5.0
Deserializers
Lenses works out of the box with any messages in AVRO, PROTOBUF, JSON, XML and primitive formats.
When using messages with formats not natively supported by Lenses, you need to provide a
deserialization envelop or else a serde
. A serde handles reading raw bytes into a meaningful data structure and translating data into raw bytes based on the storage format.
Deserialising a custom format
Suppose a Kafka topic contains GPS coordinates consisting of latitude and a longitude encoded as a UTF-8 string such as “45.623412:10.419433”.
A serde can allow decoding this format. This can be achieved by implementing a simple interface. First, add the following library dependency to your project:
<dependency>
<groupId>com.landoop</groupId>
<artifactId>lenses-serde</artifactId>
<version>1.0.3</version>
</dependency>
Then, check the following Java code implementing the Serde
interface. The return type of the
deserializer is a GenericRecord
with the two fields parsed from the bytes.
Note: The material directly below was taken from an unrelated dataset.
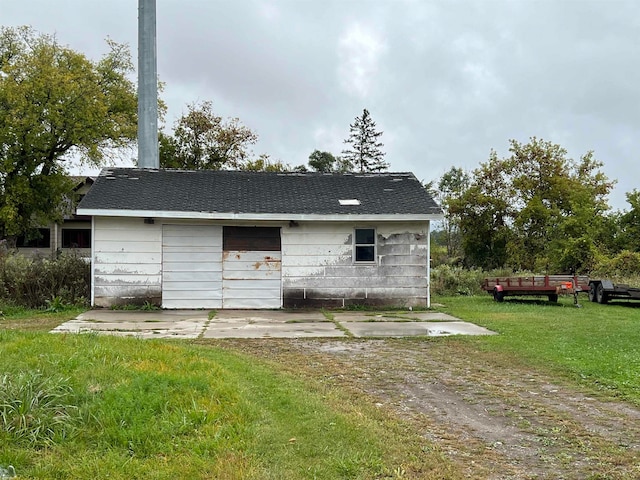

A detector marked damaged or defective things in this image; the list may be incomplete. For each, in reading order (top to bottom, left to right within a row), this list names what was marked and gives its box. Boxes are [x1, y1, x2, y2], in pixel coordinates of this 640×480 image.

rusted metal siding [92, 216, 162, 306]
rusted metal siding [161, 224, 224, 308]
rusted metal siding [282, 221, 428, 308]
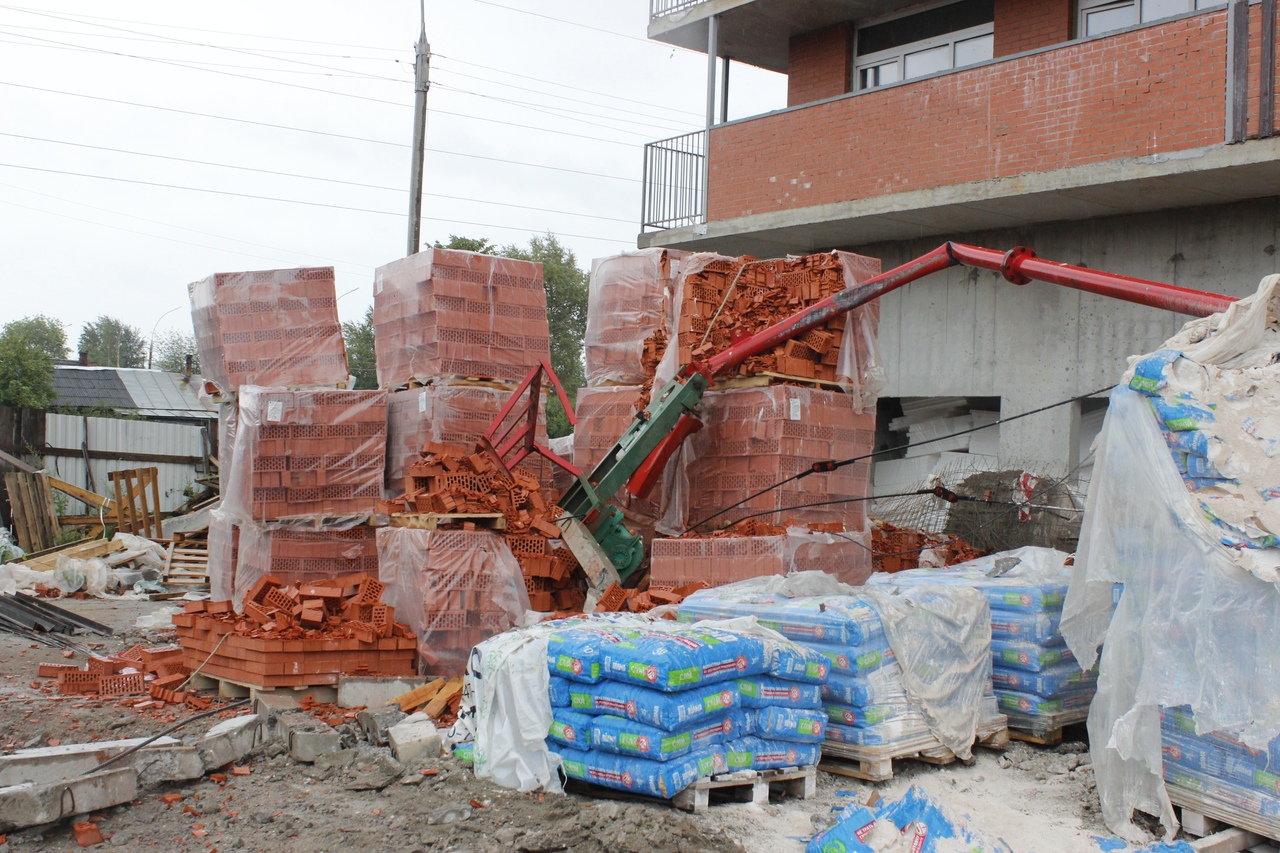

In this simple example, we do not worry about error handling, such as ensuring that the tokens have valid double values.
public class LatLngSerde implements Serde {
private Schema schema = SchemaBuilder.builder()
.record("lat_lng")
.fields()
.requiredDouble("lat")
.requiredDouble("lng")
.endRecord();
@Override
public Schema getSchema() {
return schema;
}
@Override
public Serializer serializer(Properties properties) {
return null;
}
@Override
public Deserializer deserializer(Properties properties) {
return new Deserializer() {
@Override
public GenericRecord deserialize(byte[] bytes) throws IOException {
String data = new String(bytes);
String[] tokens = data.split(":");
double lat = Double.parseDouble(tokens[0]);
double lng = Double.parseDouble(tokens[1]);
GenericRecord record = new GenericData.Record(schema);
record.put("lat", lat);
record.put("lng", lng);
return record;
}
@Override
public void close() throws IOException {
}
};
}
}